Die Zeichnungen von Marta Riniker-Radich zeigen zudringlich domestizierte und dennoch menschenleere Räume; eine Psychogeografie, die sich vom Mensch abstreift und dennoch voller Begehren ist. Es sind (fantastische) Kontrollräume zwischen häuslich-privatem und öffentlichem Raum, in denen die Echos sozialer Gefüge nachklingen. Ein spekulatives «Wir» (We), das in einem spezifischen, soziopolitischen Zusammenhang agiert, lebt, arbeitet, diszipliniert wird, bisweilen an Einsamkeit oder Isolation leidet. Es geht nicht um die Intimität, um private Konsequenz von Zwängen, Obsessionen und Emotionen. Marta Riniker-Radich interessiert sich für die ‹Psychologie› konkreter ökonomischer Zusammenhänge und politisch-gesellschaftlicher Phänomene und Entwicklungen; um ein Spannungsfeld zwischen Pflege und Kontrolle, dem Selbst und Regulationen.
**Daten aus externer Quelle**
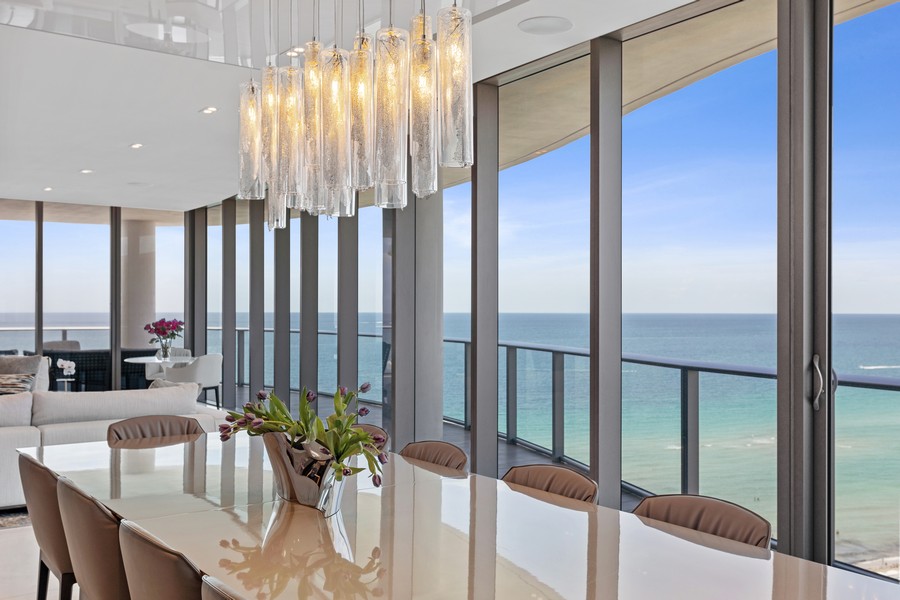 Real Estate Photography - 17475 Collins Ave #1001, Sunny Isles, FL, 33160 - Dining Room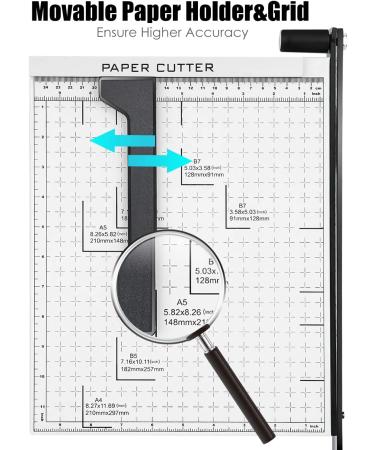 Paper Cutter Heavy Duty A4-B7  12" Cut Length Guillotine Paper Trimmer for Cardstock Metal Base  with Safety Blade Lock&Dual Guides  12 Sheets Capacity  for Home Office Classroom School (PureWhite) - Buy Online on GoSupps.com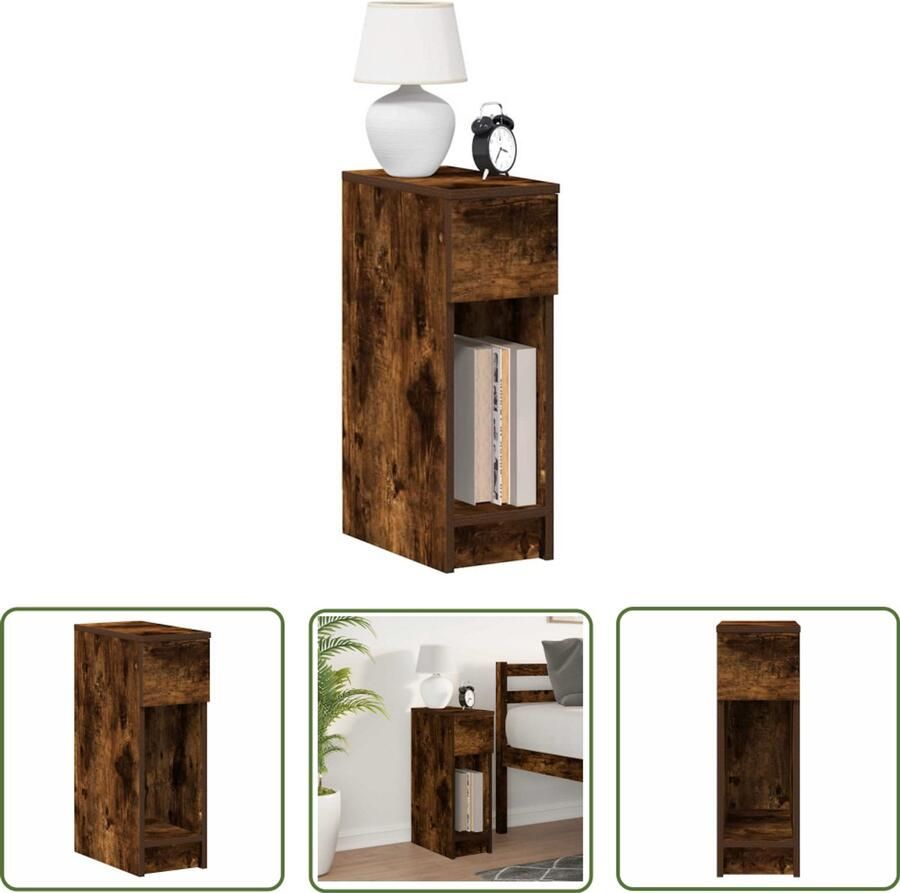 VidaXL Sleutelset Dynamo Meter Nachtkastje met lade 20x36x60 cm gerookt eikenkleurig Gereedschap Klikmechanisme Spanmoment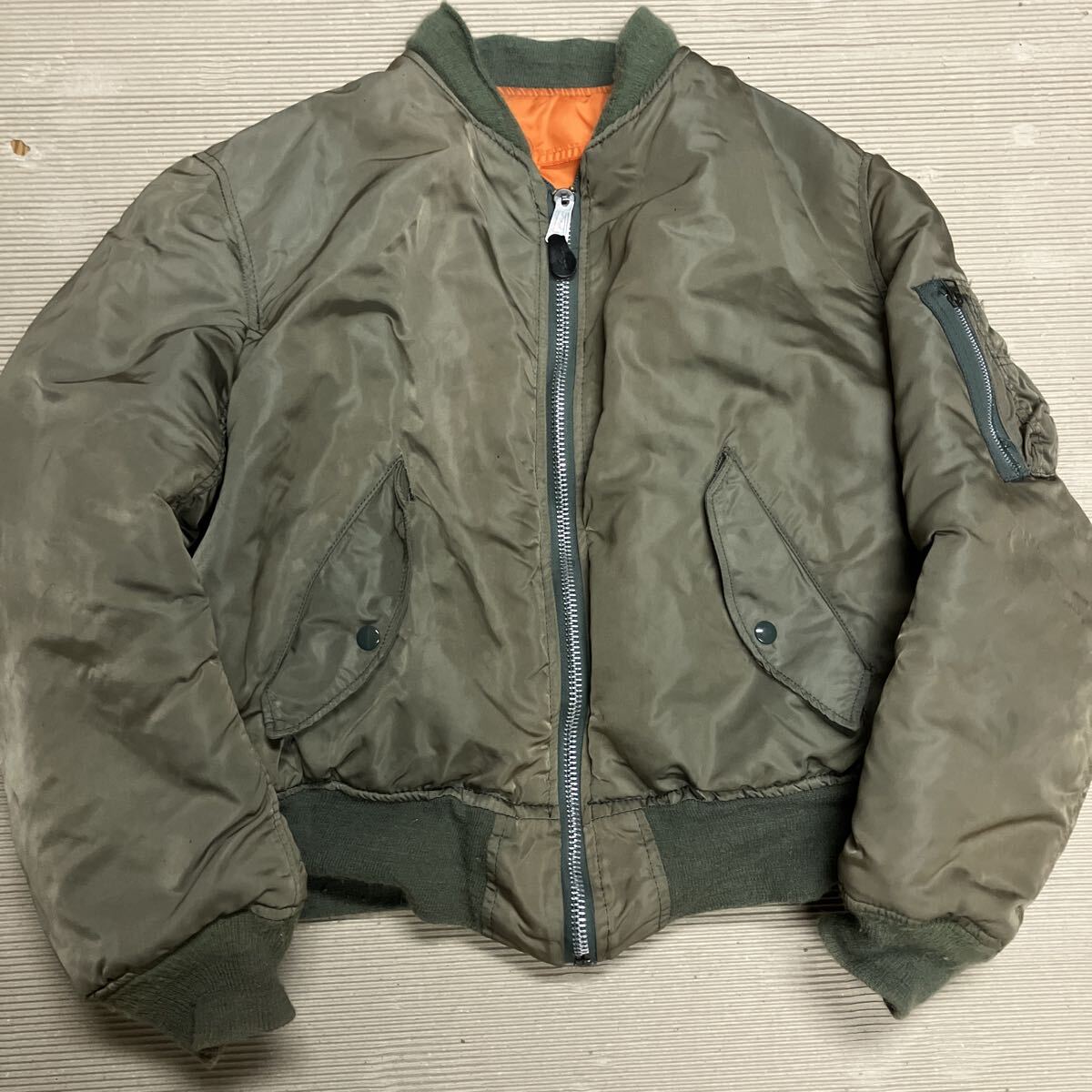 【1円スタート】ALPHA INDUSTRIES アルファ インダストリーズ MAー1 フライトジャケット USA製 Lサイズ拍卖
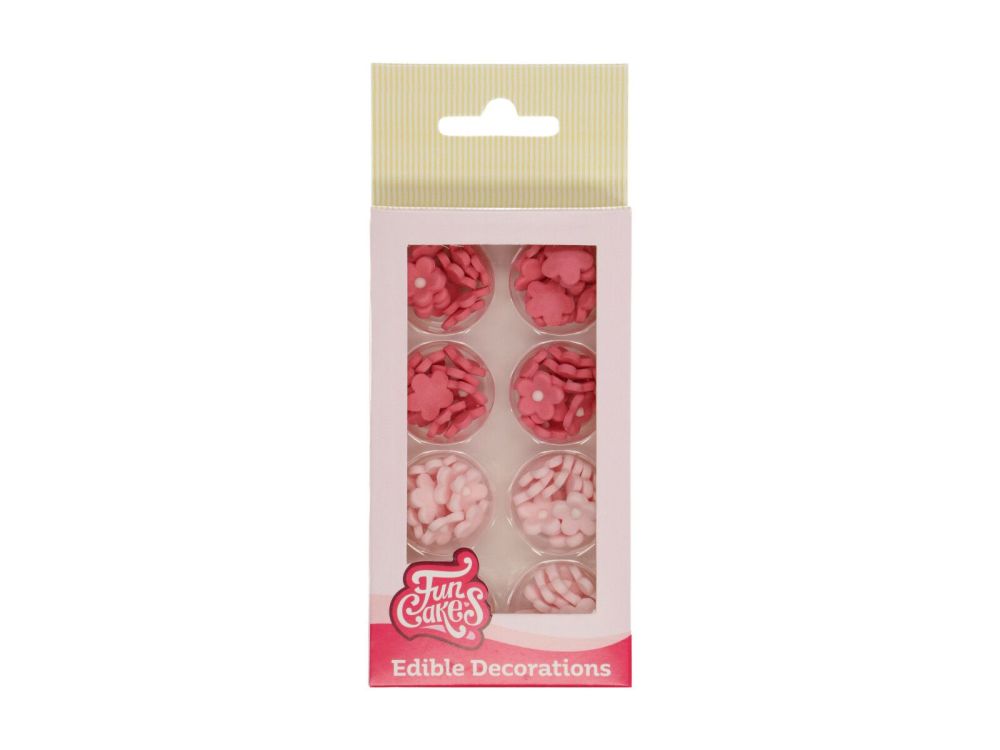 Sugar decorations - FunCakes - Pink Blossoms Set, 64 pcs.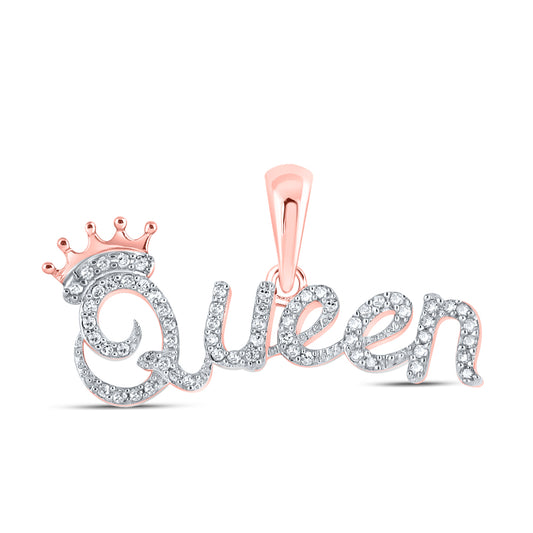 0.16 Ctw Natural Diamond Crown Queen Nameplate Hiphop Pendant in 10k Rose Gold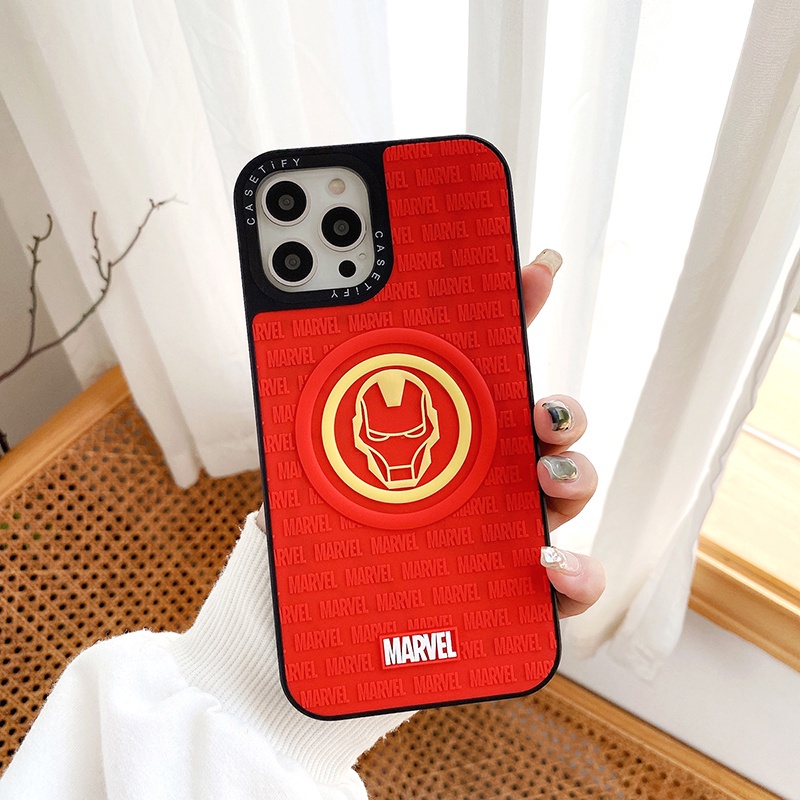 Ốp điện thoại silicone TPU mềm chống sốc in hình siêu anh hùng Marvel cho iPhone 11 12 13 7 8 6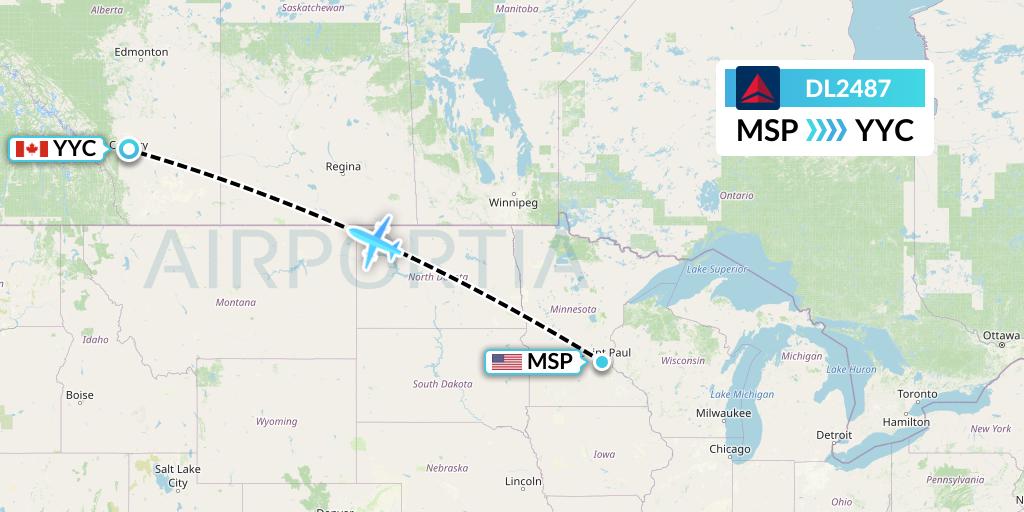 DL2487 Delta Air Lines Flight Map: Minneapolis to Calgary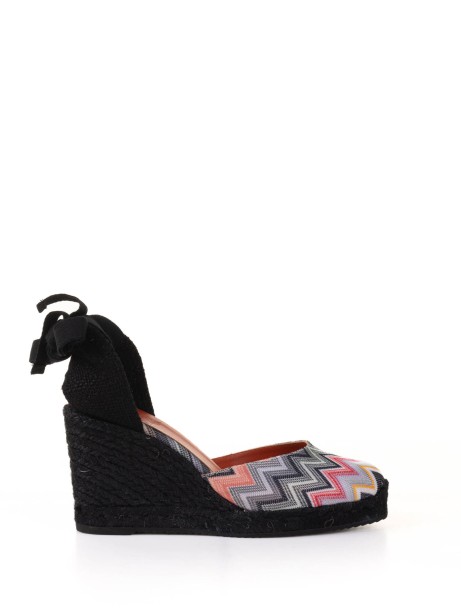 Espadrilles in chevron fabric with wedge and ankle laces Espadrilles in chevron fabric with wedge and ankle laces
In den letzten Jahren entstanden Werkzyklen etwa zur texanischen Ölindustrie oder zu ländlichen Anti- Regierungsorganisationen in den USA. Obwohl damit verbundene Gruppen und Personen in den Werken selbst nie sichtbar sind, entstehen in der Leere dieser Abwesenheit fiktive Porträts von (männlichen) Individuen, die den neoliberalen Begehren in Arbeit und Freizeit, von Gesundheit und Selbstoptimierung, Selbstverwirklichung unterworfen sind. A highly sophisticated security blanket (2015), eine Serie von präzise abgezeichneten Schwertern, werden Insignien der individualisierten Konsumkultur, die (Sammler-)objekte fetischisiert. Sweat pours onto the dusty ground and turns it into salty muck (2015) zeigt Bohrköpfe für Ölbohrungen. Präzise gezeichnete Schlösser, funktionale Tools zum Schutz des Privaten, werden in The Enemy Within (2017) zu glänzend-schmuckstückhaft überhöhten Objekten, deren Gebrauchsfunktion negiert wird. Die ‹Requisiten› solcher Gesellschaften darstellend, machen diese Zeichnungen, die durch eine aufwändige und disziplinierte Arbeitsweise entstehen, Formen der Konditionierung und des Begehrens deutlich.